In my Statistics class, Huffman coding has just been introduced to us. However, I don't believe I have fully grasped the concept behind hamming. In lecture, we were presented with a question:
The hamming distance between two binary strings is the number of coordinates in which they are different. If X and Y are independent random binary strings of length 4, what is the expected value of the hamming distance between X and Y?

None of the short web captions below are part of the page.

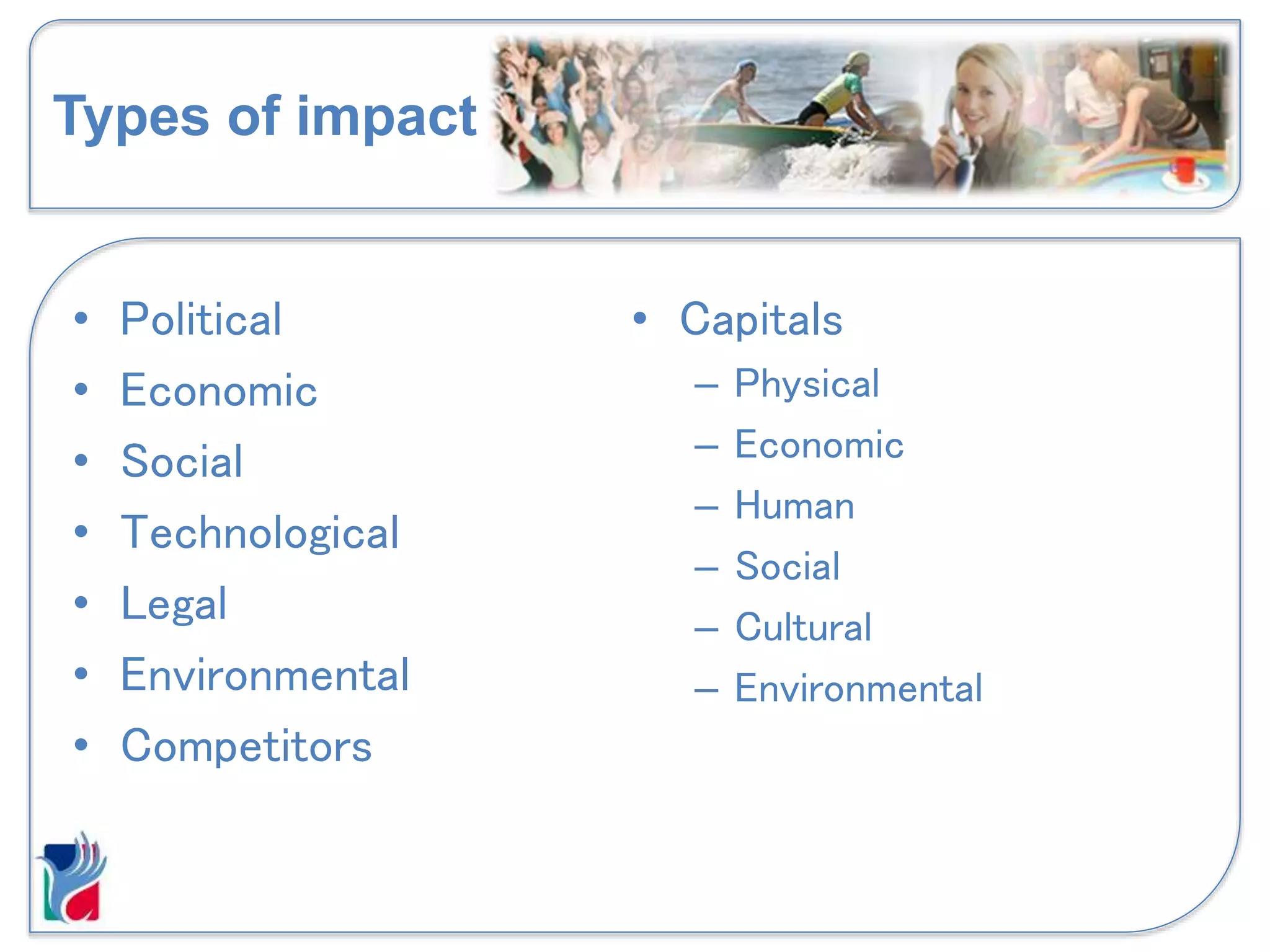 Types of impact
• Political
• Economic
• Social
• Technological
• Legal
• Environmental
• Competitors
• Capitals
– Physical
– Economic
– Human
– Social
– Cultural
– Environmental
 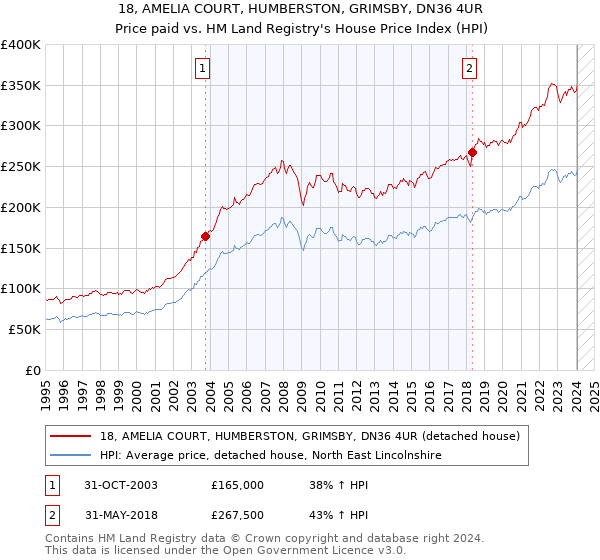 18, AMELIA COURT, HUMBERSTON, GRIMSBY, DN36 4UR: Price paid vs HM Land Registry's House Price Index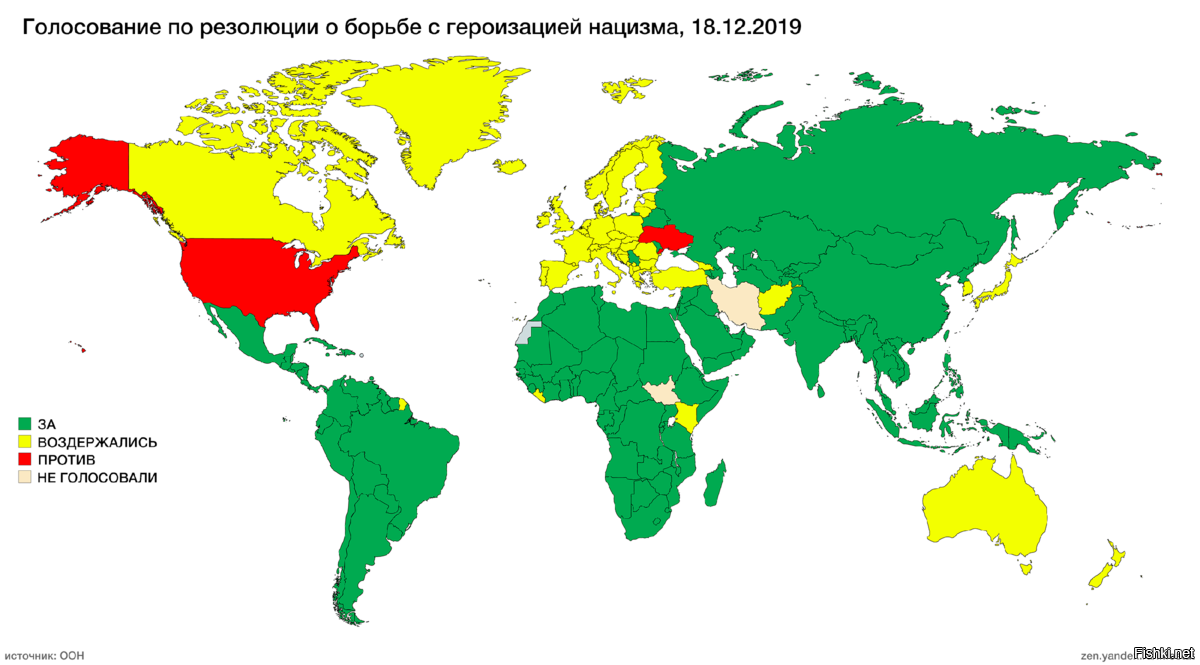 Какие страны отказались от участия в плане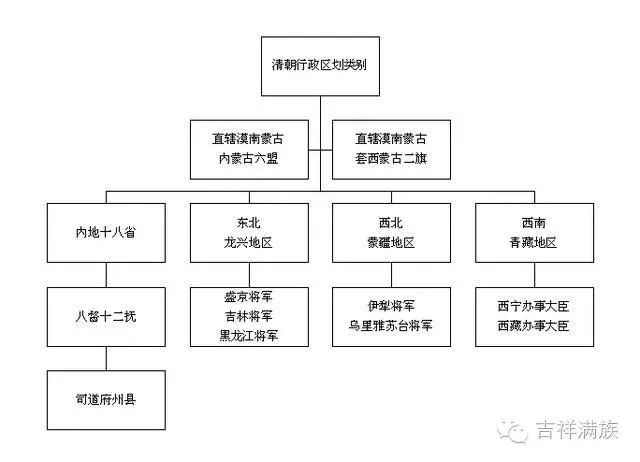 清朝前期的行政区划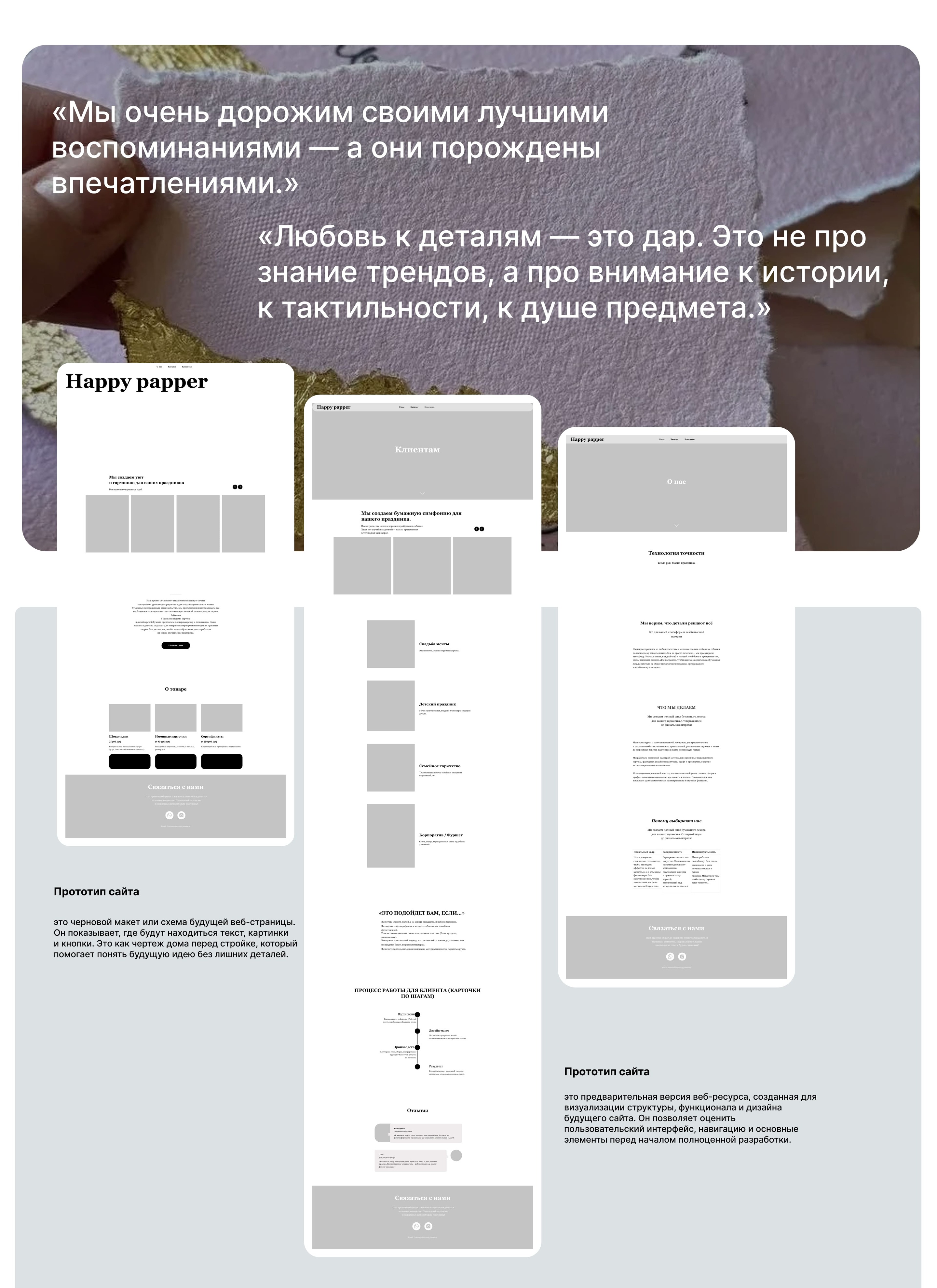 Happy Papper | Website for a typography — Изображение №4 — Интерфейсы на Dprofile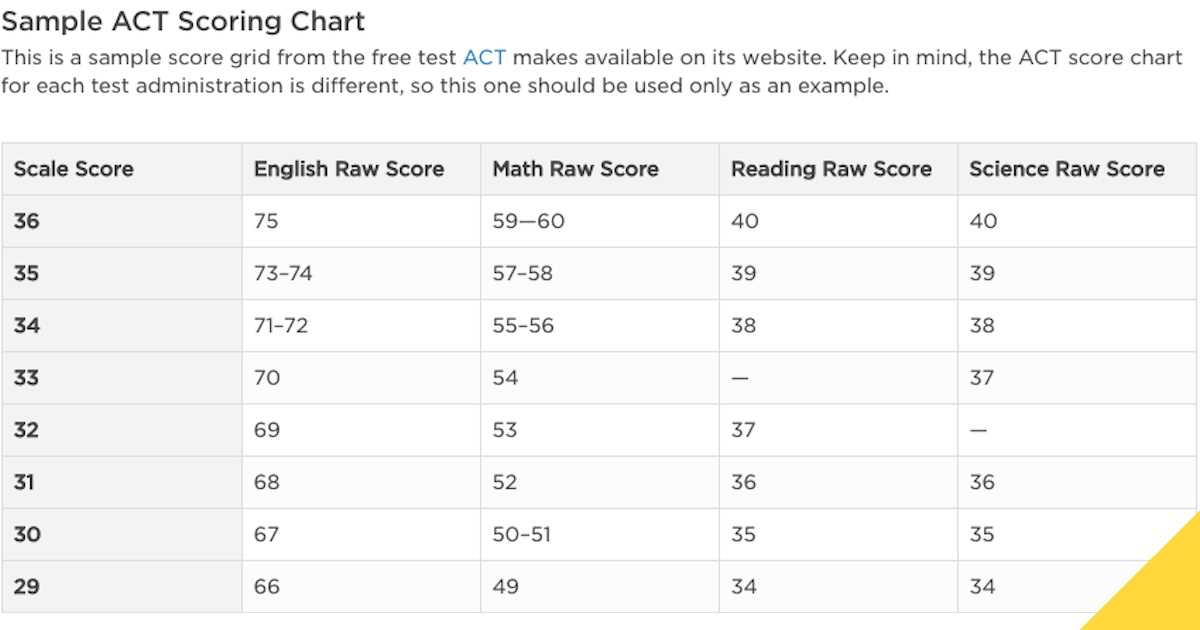 act 67c practice answers science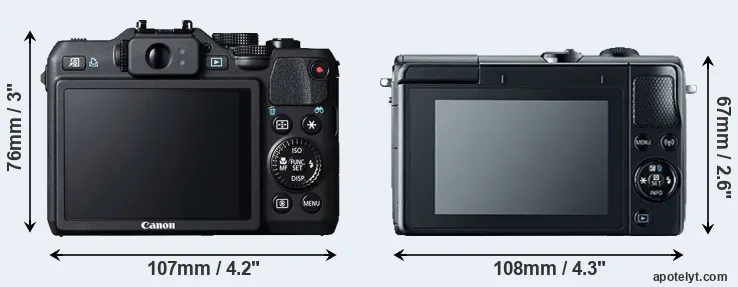Comparison G15 or M100 rear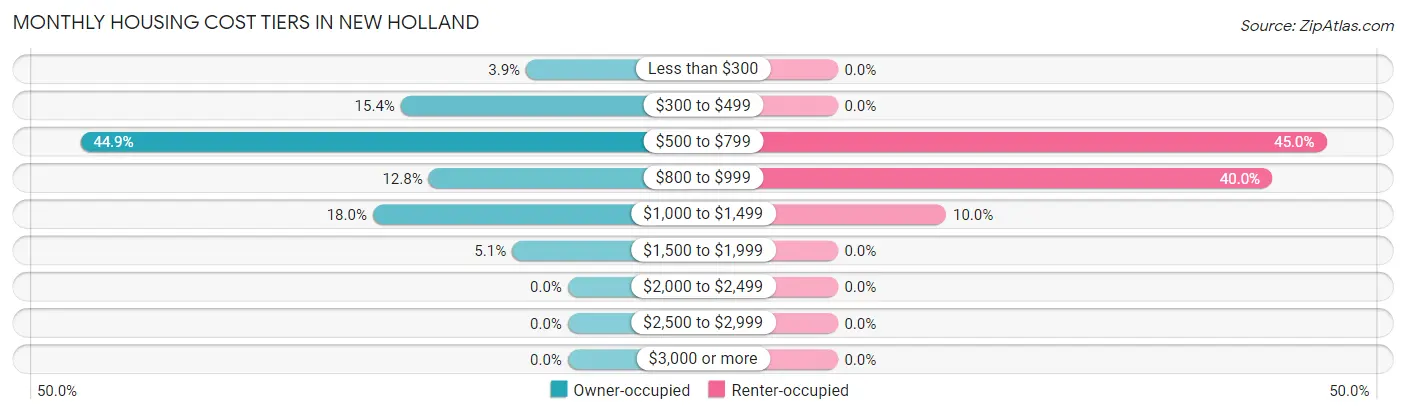 Monthly Housing Cost Tiers in New Holland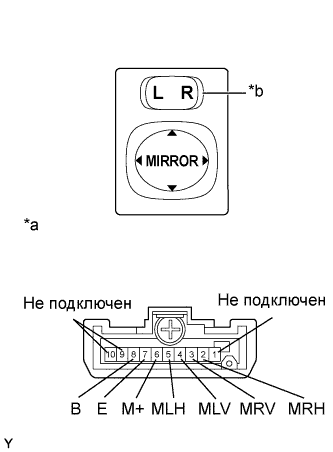 A01DWXPE07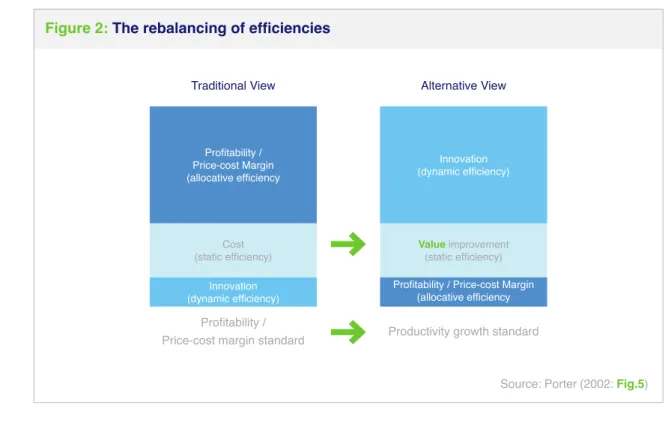 Figure 2: The rebalancing of efficiencies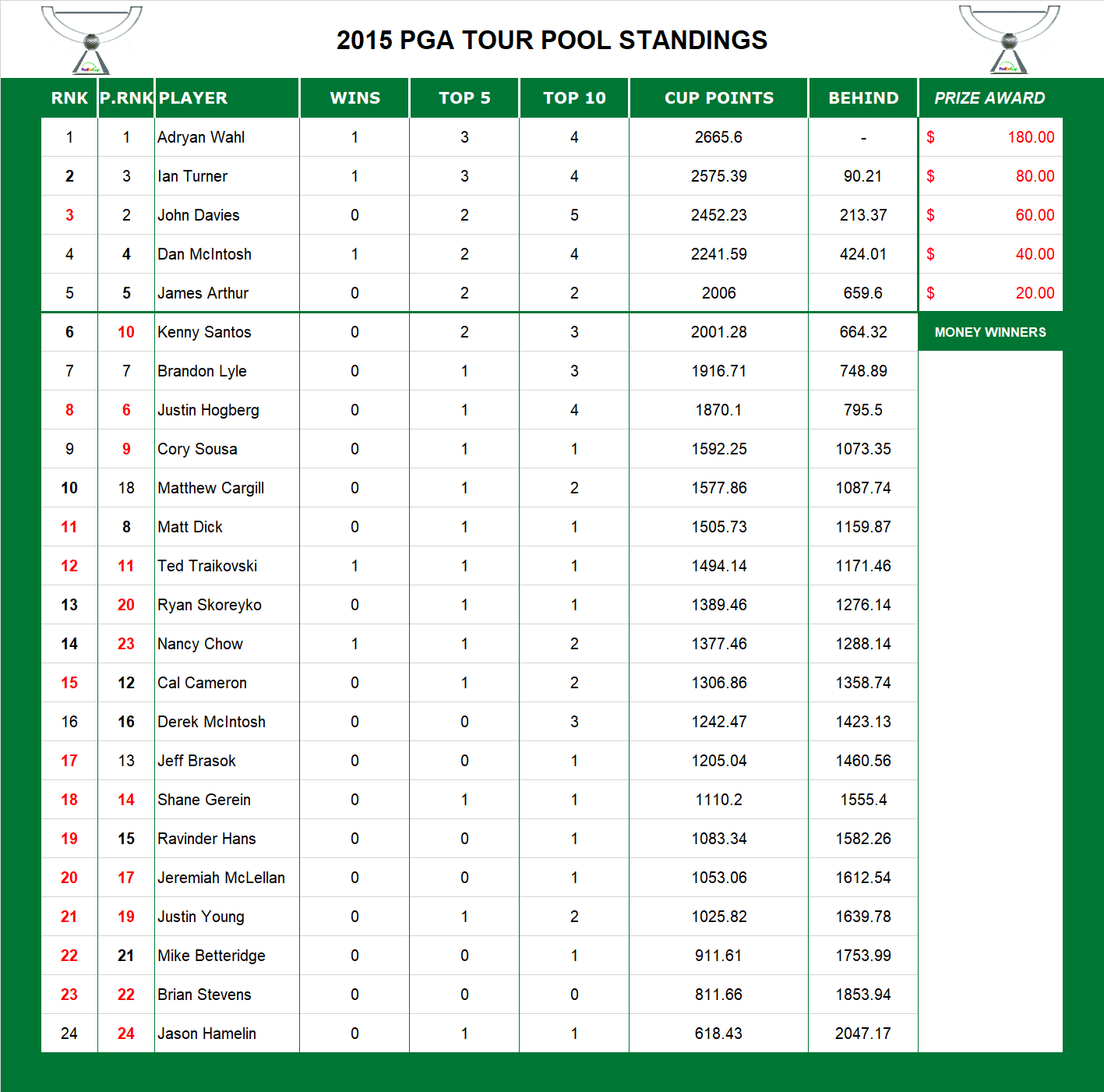2015 PGA Standings
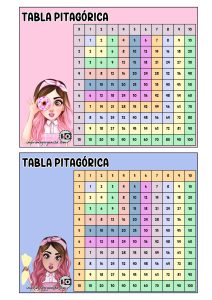 Tabla Pitagórica Mis Pastelitos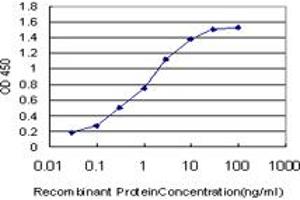 Detection limit for recombinant GST tagged E2F1 is approximately 0.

I understand this gives me 16 equally likely strings of length 4 to consider here. From 0000, 0001, 0011... 1110, 1111. However, I'm unaware of how to calculate the expected hamming distance here. Originally, I was mistakening this for entropy. I first tried calculating
$$\sum_{n=1}^{16} \frac1{16}\log_2\frac{1}{\frac{1}{16}} = 4$$
Where $\frac{1}{16}$ represents the probability of being any one of the 16 string lengths. However, I was told this is incorrect. How do I calculate the expected hamming distance?
HINT
Expected Hamming distance is the expected number of positions where the binary strings $X$ and $Y$ are different.
For example, if you are looking at strings of length $2$, you have 4 possible values for each of $X$ and $Y$.
\begin{matrix} X & Y & Same & Different \\ 00 & 00 & 2 & 0 \\ 00 & 01 & 1 & 1 \\ 00 & 10 & 1 & 1 \\ 00 & 11 & 0 & 2 \\ 01 & 00 & 1 & 1 \\ 01 & 01 & 2 & 0 \\ 01 & 10 & 0 & 2 \\ 01 & 11 & 1 & 1 \\ \ldots \end{matrix}
You will have 16 total entries and are looking for the average value in the Different column. After some observation it should be clear each 4 entries will contain $0,1,1,2$ in some permutation, so the overall average is $$ \frac{0+1+1+2}{4} = 1. $$ Hence, one average, in strings of length 2, you get 1 common place. Can you do this for strings of length $4$?